A symposium titled “Globalization and American Pop Culture” was held in the beautiful Austrian city of Salzburg, organized by the world-renowned Salzburg Foundation through their American Studies Center.
Academics who specialize in American studies attended the symposium from 20 countries. They belonged to different branches: science, history, literature, politics, media and arts. The discussion was about the American cultural influence around the world, whether we are talking about movies, McDonald’s, jeans or rap music.
You can walk on the streets of Cairo or Manila and find McDonald’s restaurants; turn on the T.V. in Moscow or Budapest and find American movies; travel to Tokyo or Beijing and listen to the Japanese or Chinese words sung by local bands to American rap rhythms. The central question in all this is how we understand this phenomenon, its significance and impact on local cultures.
There were wide debates in the symposium on the analysis of the phenomenon, mostly focusing on the theses of the two schools of thought. The first school is “cultural imperialism” and the second school is “global hybrid culture.” The first school considers the American cultural influence to be a form of cultural hegemony or “imperialism” on the cultural level. It believes that the American culture has become a “product” promoted and sold around the world by giant U.S. companies who can provide it for prices that make it difficult for the local cultural “product” to compete with or survive in competition.
This is true for the American movie industry, as it is also for fast food restaurants. This has lead to a wide standardization of the world’s taste and the decline of local cultures, which are losing some of their components over time.
The second school of thought, “global hybrid culture”, rejects the idea of American cultural hegemony and gives greater attention to the role of the recipient. The proponents of this school think that the recipient in Abu Dhabi or Rio de Janeiro is not a passive victim, but a major player who lends some of himself to what he receives. Rap music, for example, is received differently in different local contexts and its meaning is reproduced to suit different cultural and social realities. The birth of an entirely new culture results from this process – the global “hybrid” culture is born from the “received” and local culture.
The truth is that none of these schools were fully convincing, as each raised more questions than provided answers. Perhaps the initial imbalance suffered by the two schools is that they do not distinguish between the various components of the American culture. For example, McDonald’s and jeans are treated like jazz, which has a composite of historical and political dimensions, and the movie industry and its cultural influence are treated like Coca-Cola products and are considered to have the same impact.
Although the school of cultural imperialism is the most coherent in its ideas, it may also focus entirely too much on the role of capitalism in the manufacture of cultural domination and overlook other important aspects. It’s true there are giant companies standing behind the American movie industry, McDonald’s and even rap music, but how can this role interpret, for example, the emergence of local bands around the world playing and producing rap songs with words from their local languages?
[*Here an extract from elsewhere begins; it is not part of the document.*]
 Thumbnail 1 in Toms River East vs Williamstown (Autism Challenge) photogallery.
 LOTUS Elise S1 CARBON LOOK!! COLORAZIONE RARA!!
There must be something about rap music that makes it attractive.
Perhaps the source of attraction might be that rap music has a high degree of simplicity that would allow production in different local contexts, without the need for complicated techniques, and outside of equipped studios.
Focusing on the role of big companies is not allowing the cultural imperialism school to see that important dimension. In other words, the nature of rap music that is freeing young people from giant companies is exactly the opposite of this school’s focus. Rap music itself has also led to the globalization of simplification, so to speak! This confirms again that every component of American culture cannot be treated on equal footing.
The truth is the global hybrid culture school raises more theoretical problems than the cultural imperialism school. I expressed in one of the seminar meetings my reservations about the substance of the school’s thought and did not hear convincing answers from its supporters. I said it is not permissible to talk with such confidence about the global hybrid culture if the United States is an exception. America, which produces a culture that is consumed by the world, is self-focused and isolated from other cultures. How many Americans listen to Arabic or Turkish music, watch Hindi movies or read Russian literature?
Throughout the symposium, the only aspect unanimously agreed on by the participants was the predominant influence of American culture. They all differed on the analysis of the phenomenon.